Además, cabe considerar que en el marco de los principios de Bangalore sobre conducta judicial “Los valores, la filosofía o las creencias personales de un juez acerca del derecho no pueden considerarse predisposición. El hecho de que un juez tenga una opinión general acerca de la materia jurídica o social directamente relacionada con la causa no lo descalifica para ejercer el cargo”. [2]
Pero más allá del caso concreto bajo análisis, la decisión conlleva una afectación preocupante al colectivo de jueces y docentes universitarios de Ecuador en la medida que un juez constitucional ha entrado a calificar lo que se considera producción académica o no, promoviendo de esta manera un proceso de censura estatal con efectos para el ejercicio de la docencia autónoma y el potencial ejercicio profesional de la judicatura o sus relaciones con ella.

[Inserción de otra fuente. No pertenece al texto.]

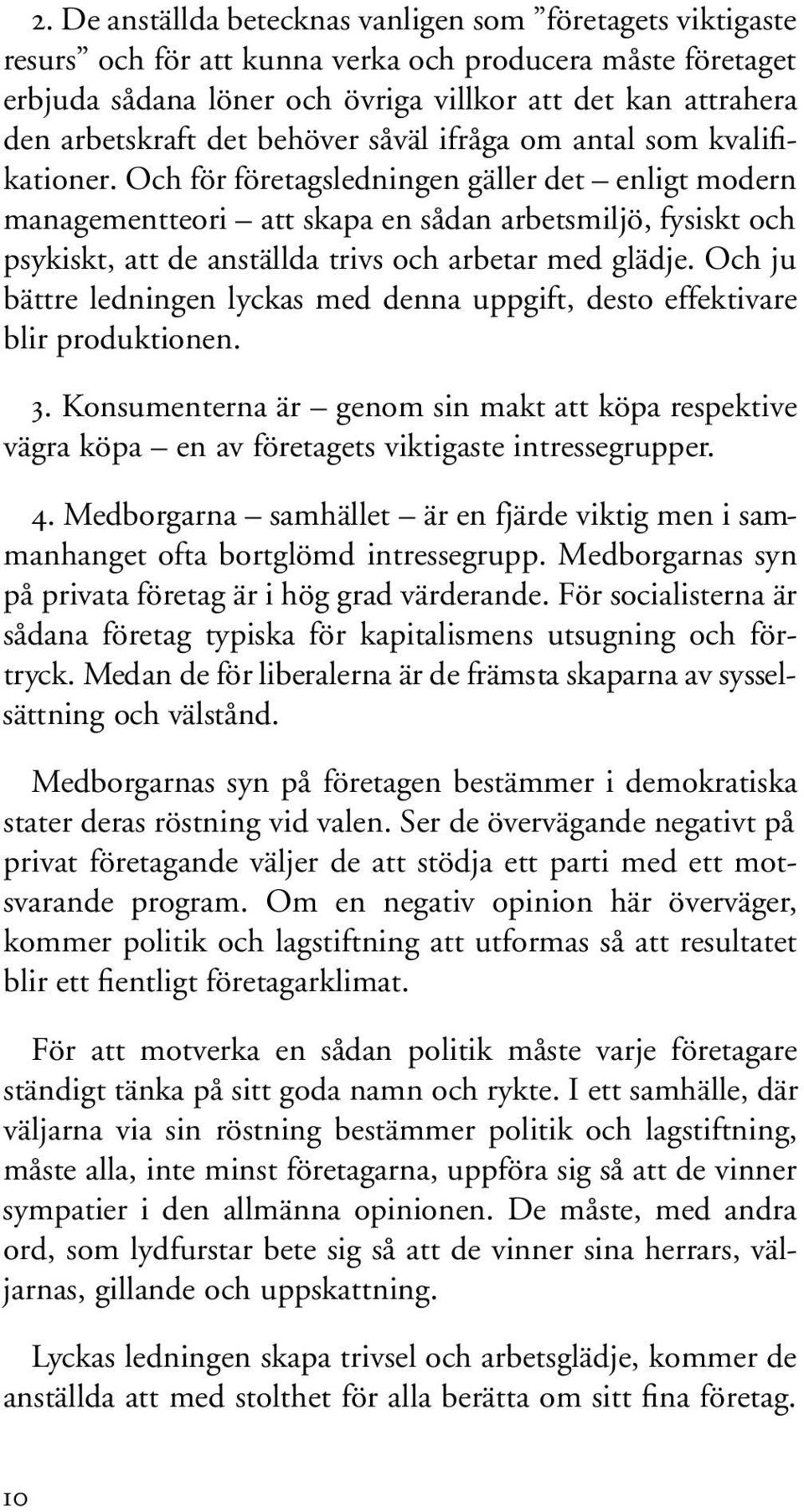 Och för företagsledningen gäller det enligt modern managementteori att skapa en sådan arbetsmiljö, fysiskt och psykiskt, att de anställda trivs och arbetar med glädje.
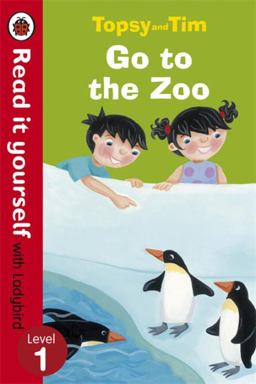 Topsy and Tim: Go to the Zoo Read It Yourself with Ladybird, Level 1  9780723273721 Front Cover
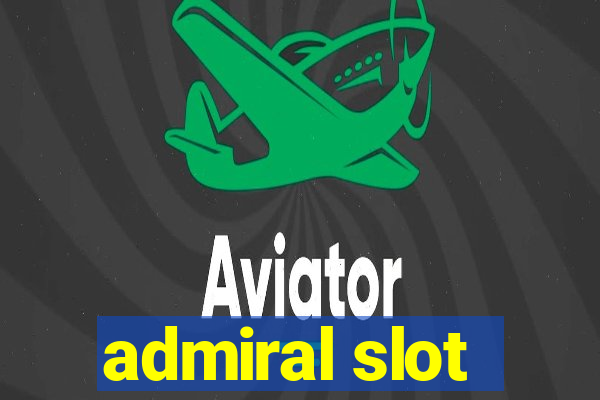 admiral slot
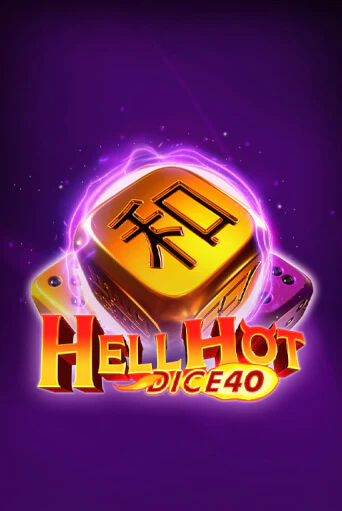 Hell Hot 40 Dice демо игровой автомат | ВАВАДА бесплатно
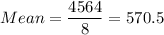 Mean =\displaystyle\frac{4564}{8} = 570.5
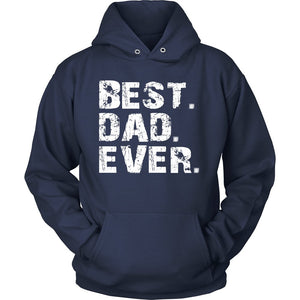 Best DAD Ever T-shirt teelaunch Unisex Hoodie Navy S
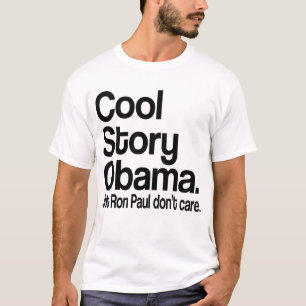 Coole Geschichte Obama. Ron Paul interessieren T-Shirt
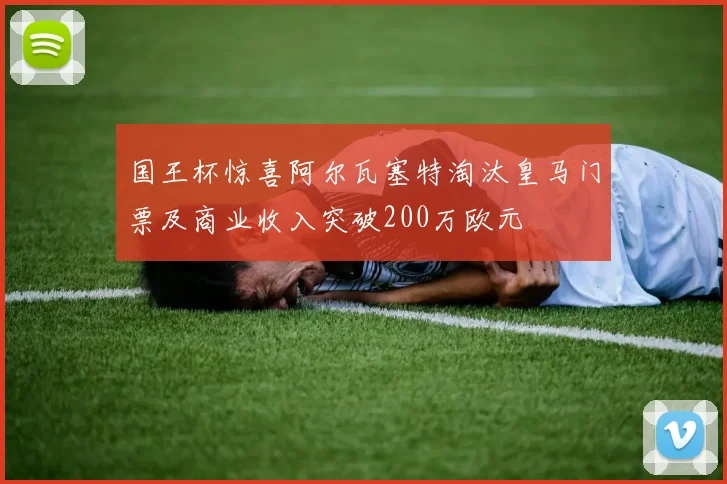 国王杯惊喜阿尔瓦塞特淘汰皇马门票及商业收入突破200万欧元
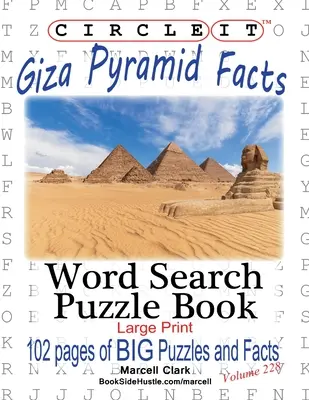 Circle It, Piramida Giza fapte, Căutare de cuvinte, Carte puzzle - Circle It, Giza Pyramid Facts, Word Search, Puzzle Book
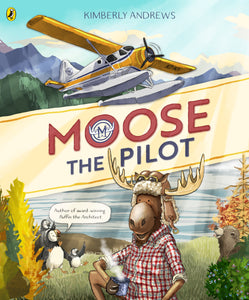 Moose The Pilot - Kimberly Andrews
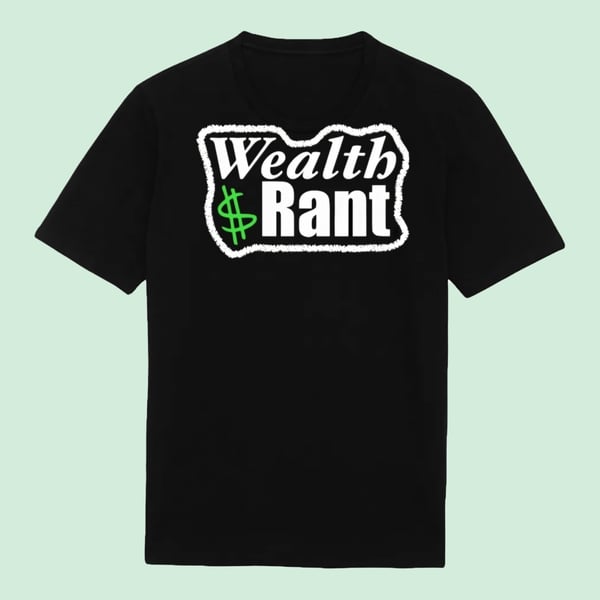 Image of Wealth Rant Logo T-Shirt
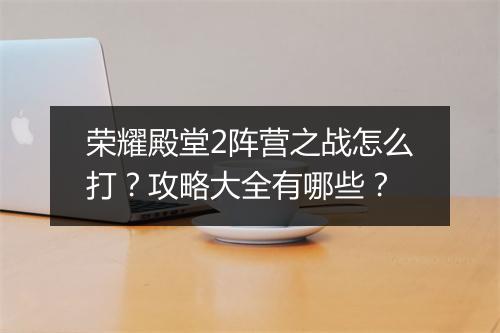 荣耀殿堂2阵营之战怎么打？攻略大全有哪些？
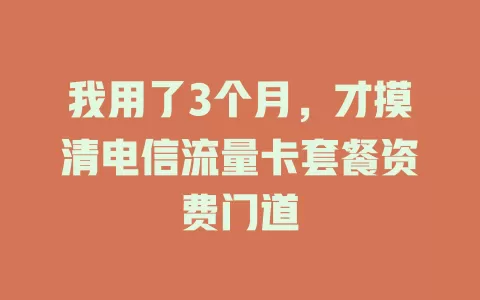我用了3个月，才摸清电信流量卡套餐资费门道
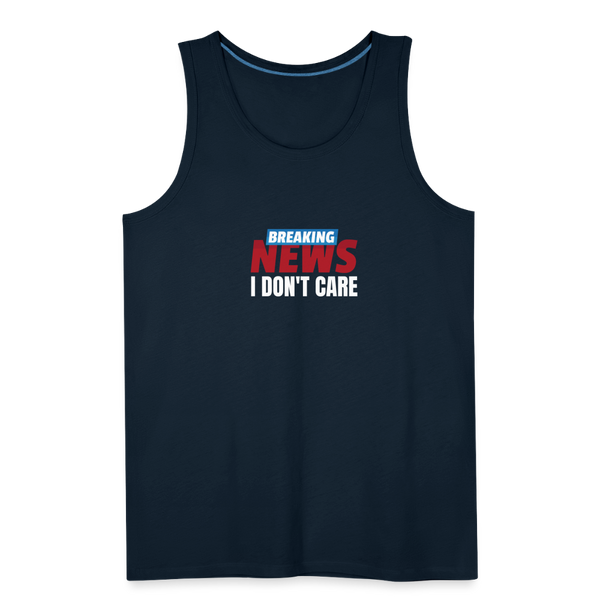 Breaking News, I Don't Care Men’s Tank - deep navy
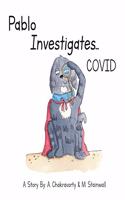 Pablo Investigates...COVID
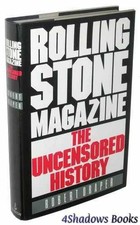 Rolling Stone Magazine: The Uncensored - Hardcover, by Draper Robert - Good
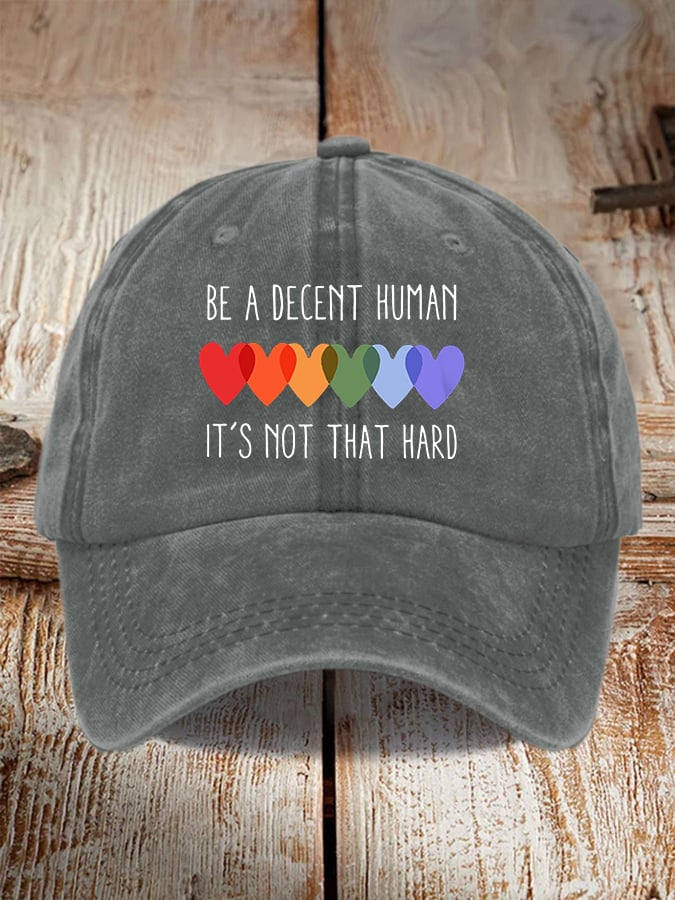 Retro Be A Decent Human It's Not That Hard Print Baseball Cap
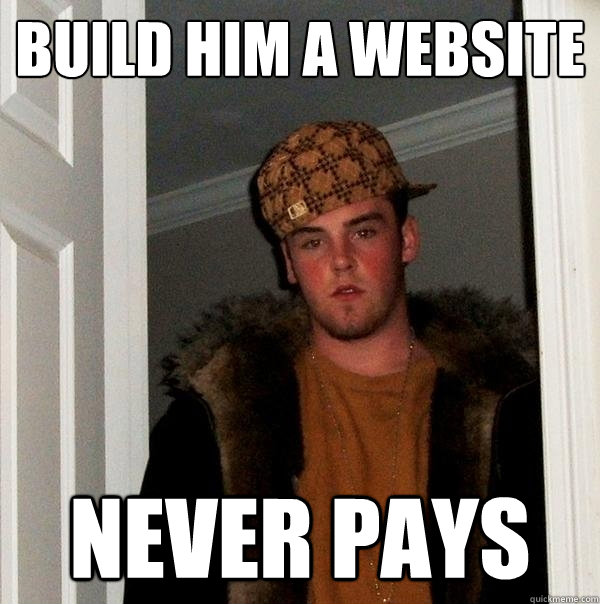 Build him a website Never pays - Build him a website Never pays  Scumbag Steve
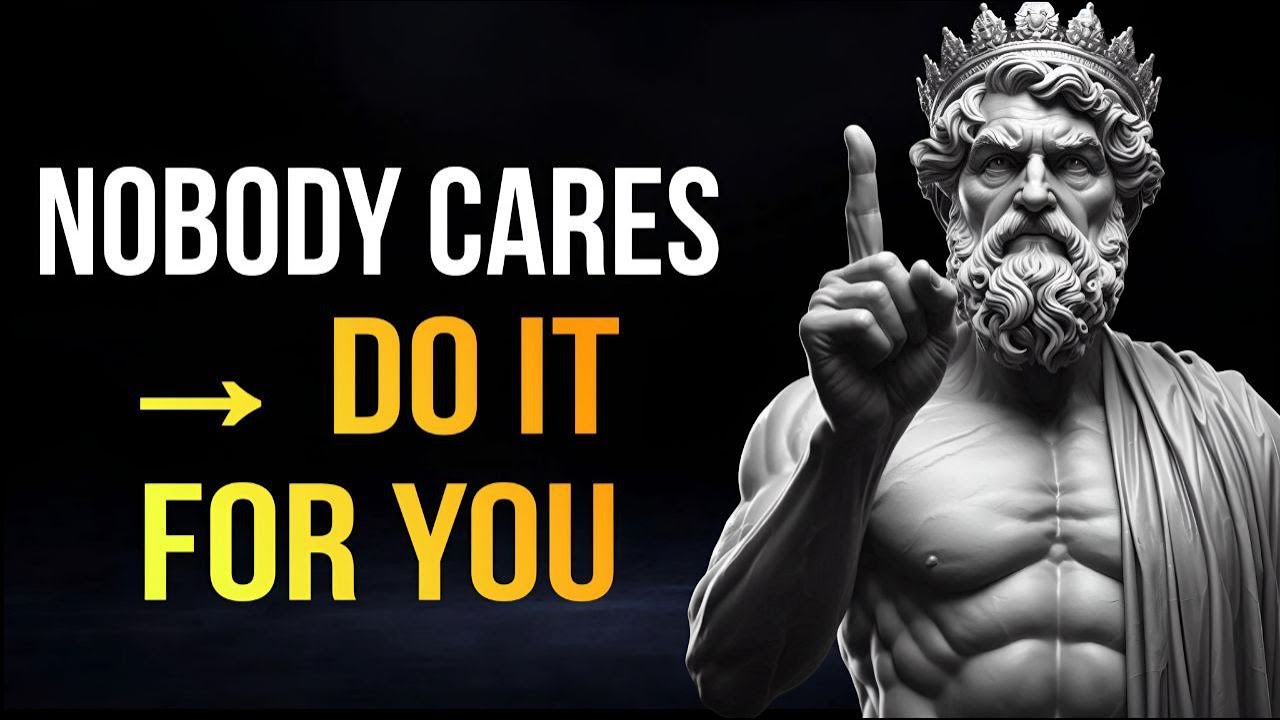 Nobody Cares&hellip; Do It for You | Stoicism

Esta posición riñe con lo dispuesto en la Constitución de la República del Ecuador (art. 355), los estándares internacionales de derechos humanos sobre libertad de expresión, libertad e independencia judicial y educación, así como los contenidos de la Ley de Educación Superior, (art. 6) que garantizan expresamente la libertad de expresión, la autonomía universitaria, la libertad académica, en el marco efectivo del derecho a una educación laica libre de toda forma de imposición, la cual no se puede ejercer sino conlleva la protección efectiva de los anteriores.[3]